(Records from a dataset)
::::::::::
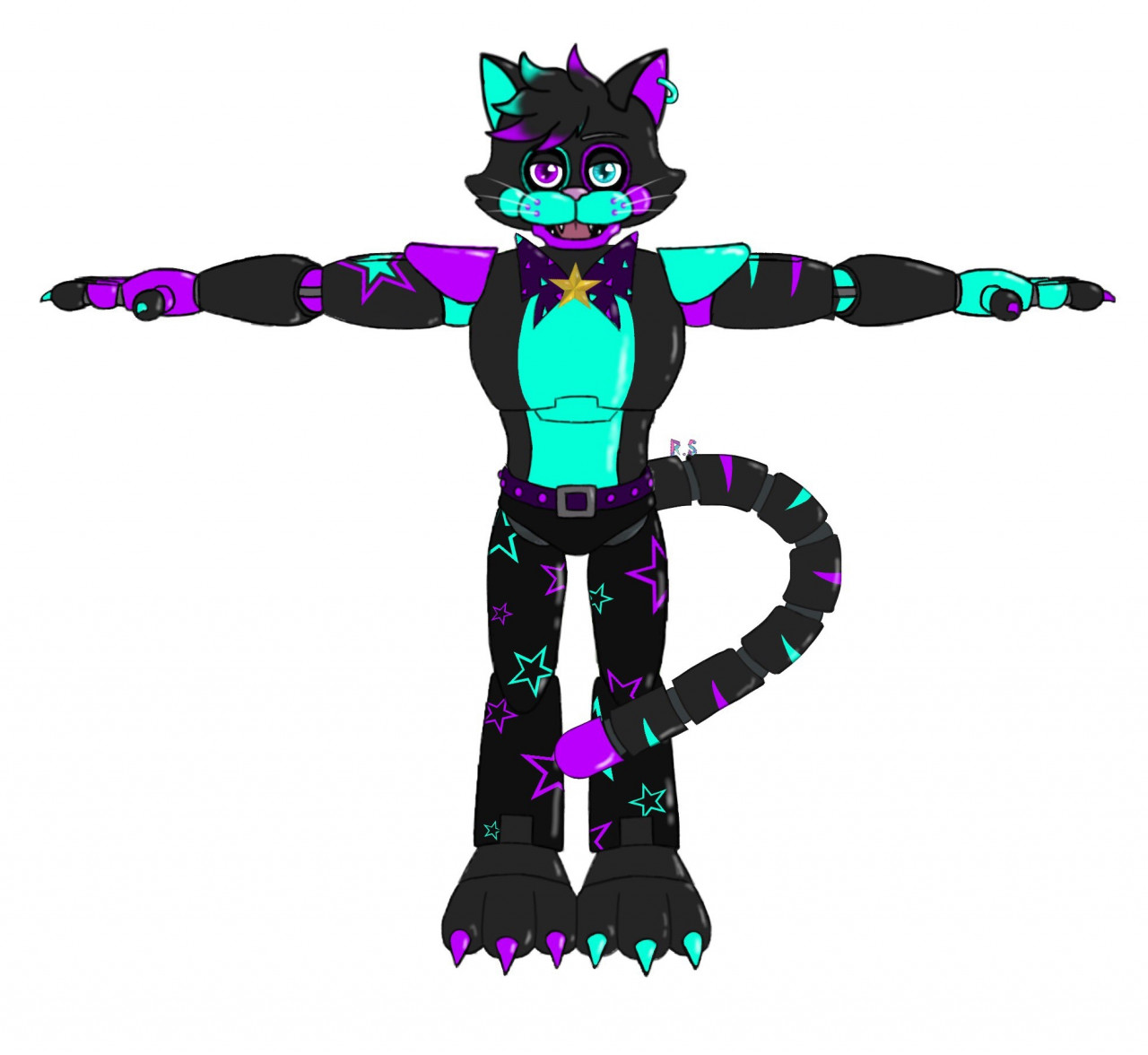 Craiyon: Blue Cat Animatronic FNAF by CoDXros3 on DeviantArt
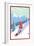 Snowboarder-Lantern Press-Framed Premium Giclee Print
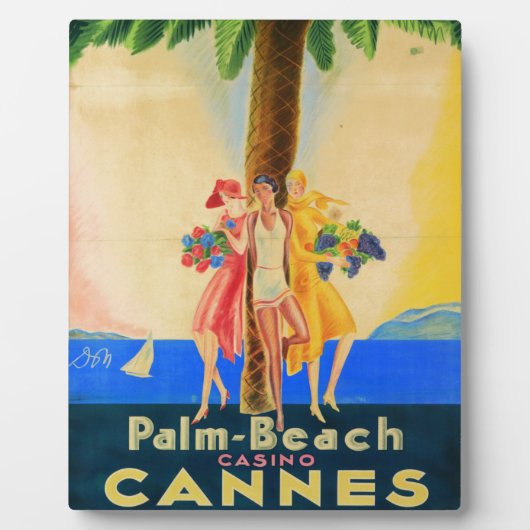 Plaque Photo Cannes vintage (Devant)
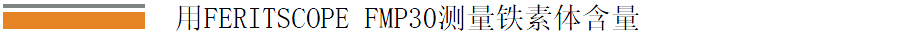 用FERITSCOPE FMP30測 量鐵素體含量 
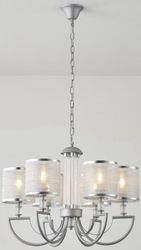 eurolamp fotistiko kremasto metallo yfasma 6foto 6xe27 max 15w 450x630mm arte illumina kristallo photo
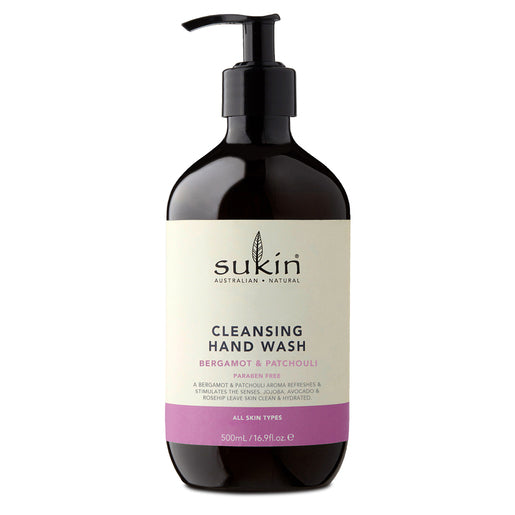 Sukin Cleansing Hand Wash Bergamot & Patchouli 500 ml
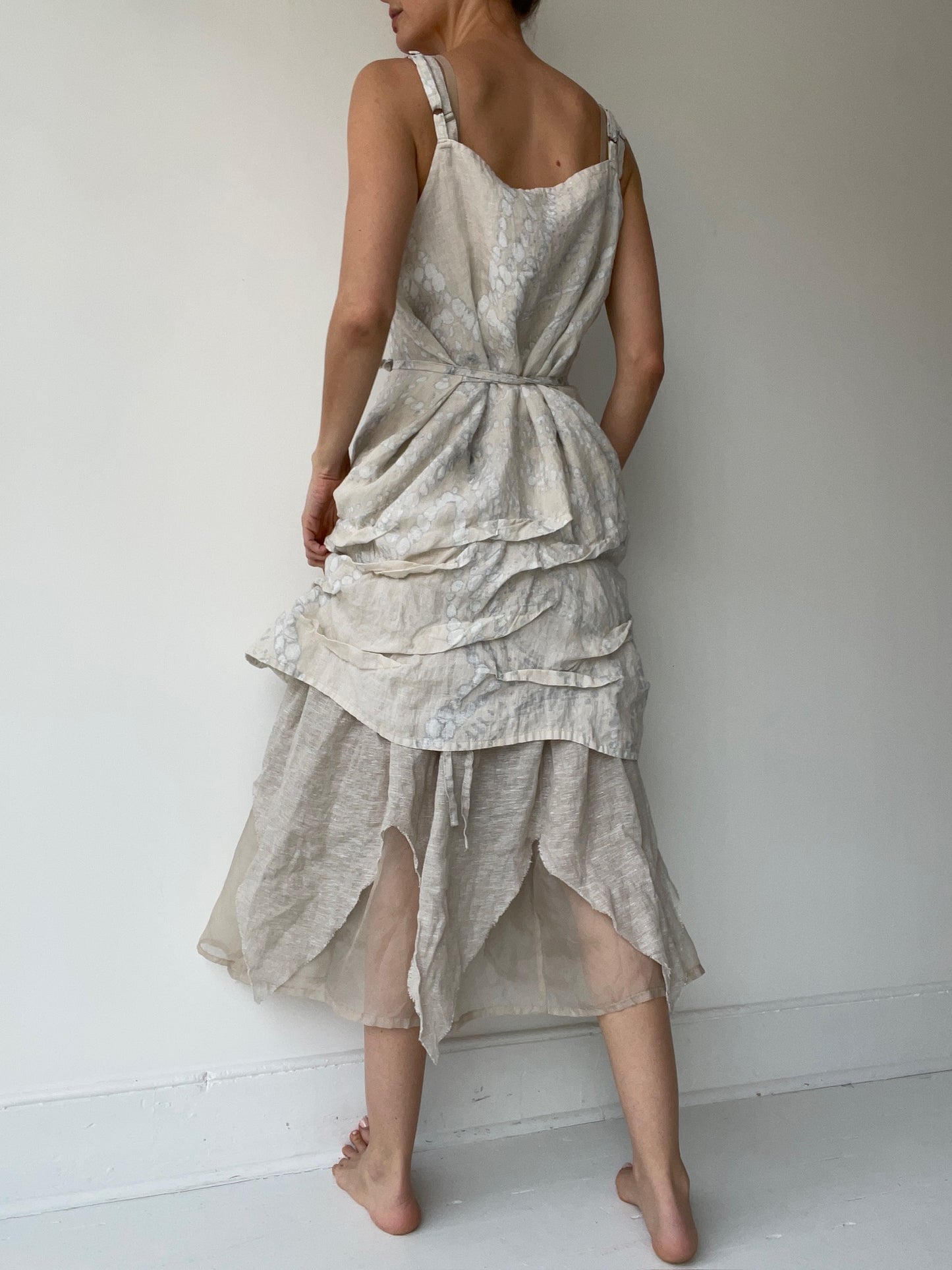 krista larson batik short wavey slip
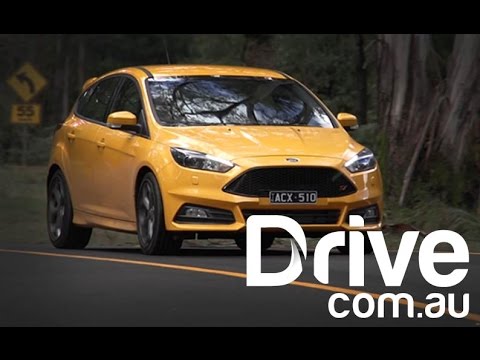 2015 Ford Focus ST First Drive Video Review | Drive.com.au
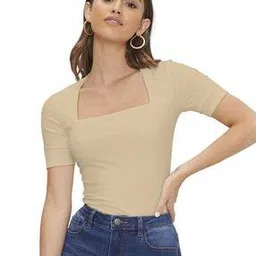 avanova Women Slim Fit Square-Neck Top-picture-35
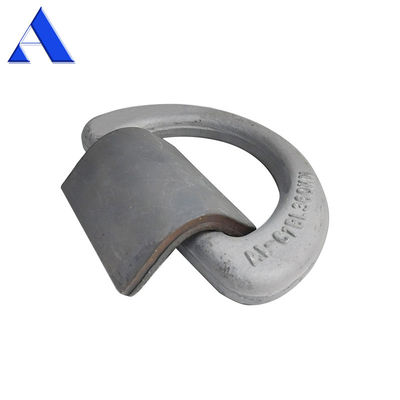 500KN M.B.L GL CCS Approved 50T Forged Container Lashing D Ring with Clamp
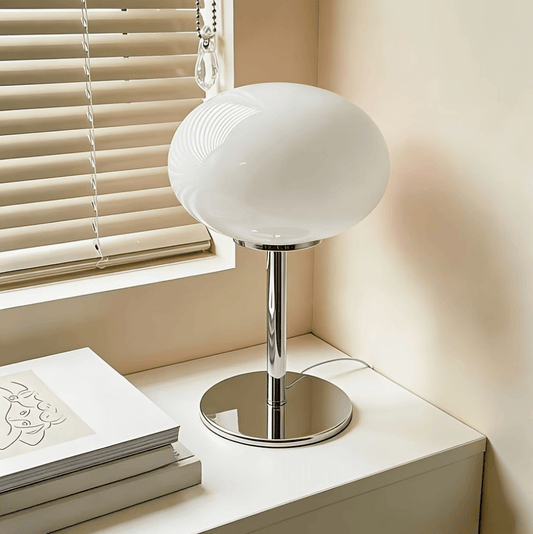 Retro Orb Glass Table Lamp - 4 Colours - USB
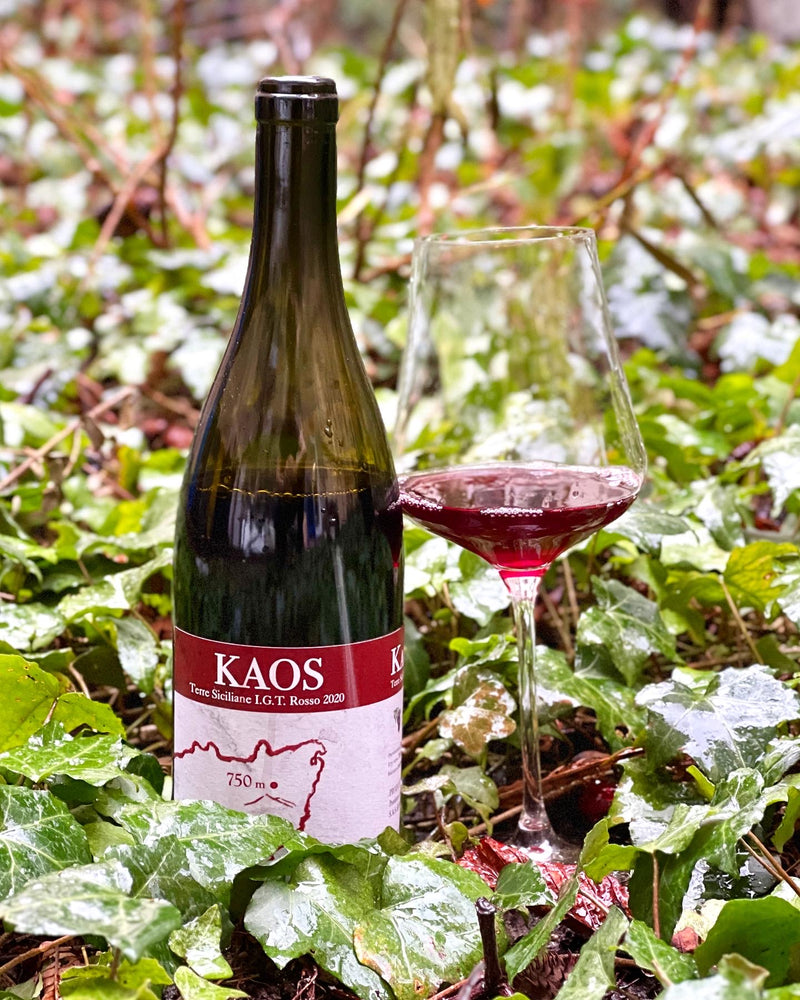 Kaos Rosso is a volcanic natural wine by Etnella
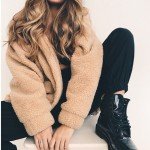 Faroonee Elegant Faux Fur Coat Women 2018  Autumn Winter Warm Soft Zipper Fur Jacket Female Plush Overcoat Casual Outerwear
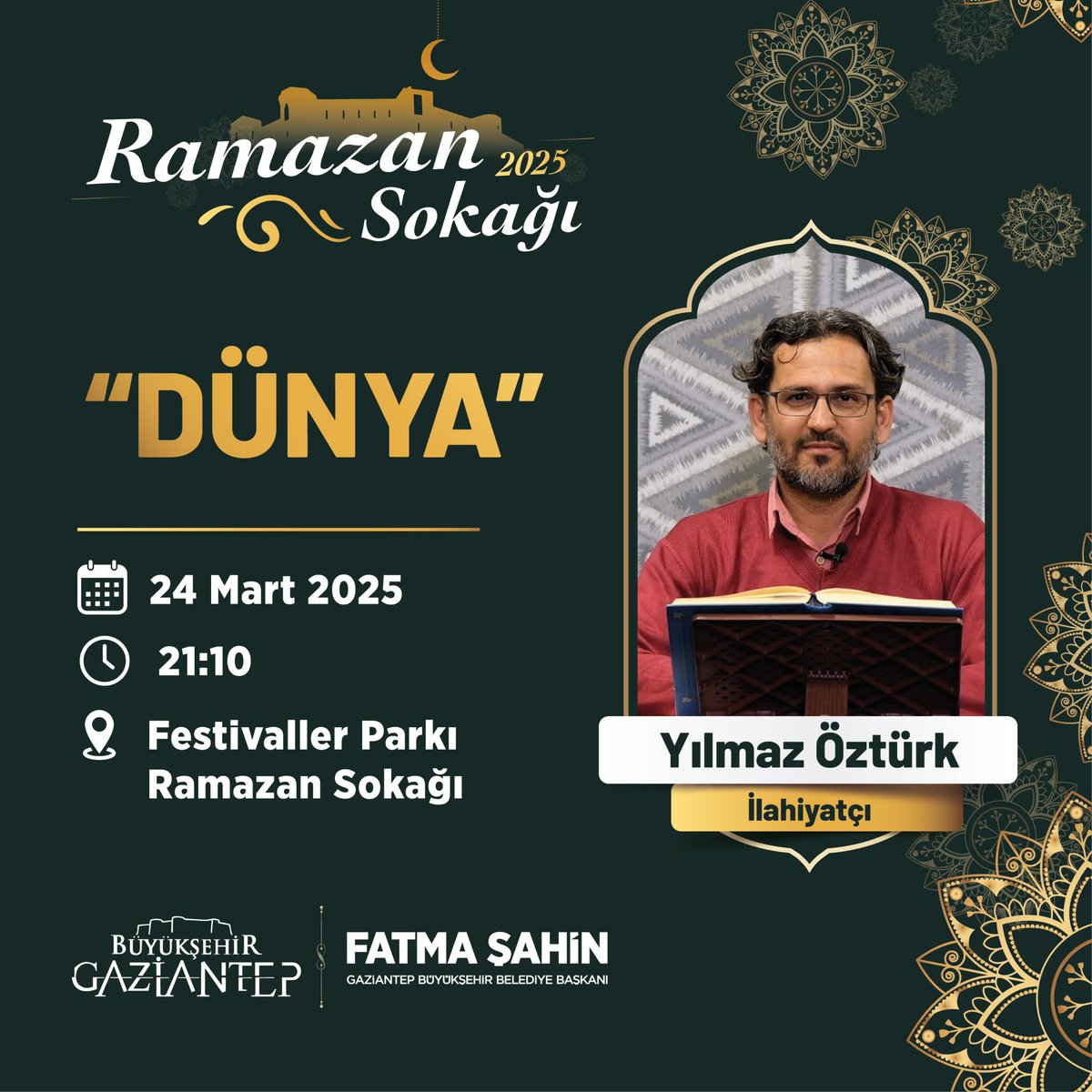 Ramazan Sokağı’nda Bugün! 🌙

📖 Fatih Kaya ile “Herkesin Bir Hîrası Olmalı” sohbetiyle başlayacak,
🌍 Yılmaz Öztürk ile “DÜNYA” üzerine derin düşüncelere dalacağız.

Bu özel akşamda sizleri de aramızda görmekten mutluluk duyarız. 

⏰ 20:45 – Fatih Kaya
⏰ 21:10  – Yılmaz Öztürk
::::::::::
▶ **ASSIGNED TASK**
Make a word-for-word copy of the entries, without any pictures.

▶ **ANSWER TO THIS PROBLEM**
 Craiyon: Blue Cat Animatronic FNAF by CoDXros3 on DeviantArt
 Snowboarder-Lantern Press-Framed Premium Giclee Print
 Plaque Photo Cannes vintage (Devant)
 用FERITSCOPE FMP30測 量鐵素體含量 
 eurolamp fotistiko kremasto metallo yfasma 6foto 6xe27 max 15w 450x630mm arte illumina kristallo photo
 Sukin Cleansing Hand Wash Bergamot & Patchouli 500 ml
 krista larson batik short wavey slip
 2015 Ford Focus ST First Drive Video Review | Drive.com.au
 avanova Women Slim Fit Square-Neck Top-picture-35
 500KN M.B.L GL CCS Approved 50T Forged Container Lashing D Ring with Clamp
 Retro Orb Glass Table Lamp - 4 Colours - USB
 Kaos Rosso is a volcanic natural wine by Etnella
 Faroonee Elegant Faux Fur Coat Women 2018  Autumn Winter Warm Soft Zipper Fur Jacket Female Plush Overcoat Casual Outerwear
 Ramazan Sokağı’nda Bugün! 🌙

📖 Fatih Kaya ile “Herkesin Bir Hîrası Olmalı” sohbetiyle başlayacak,
🌍 Yılmaz Öztürk ile “DÜNYA” üzerine derin düşüncelere dalacağız.

Bu özel akşamda sizleri de aramızda görmekten mutluluk duyarız. 

⏰ 20:45 – Fatih Kaya
⏰ 21:10  – Yılmaz Öztürk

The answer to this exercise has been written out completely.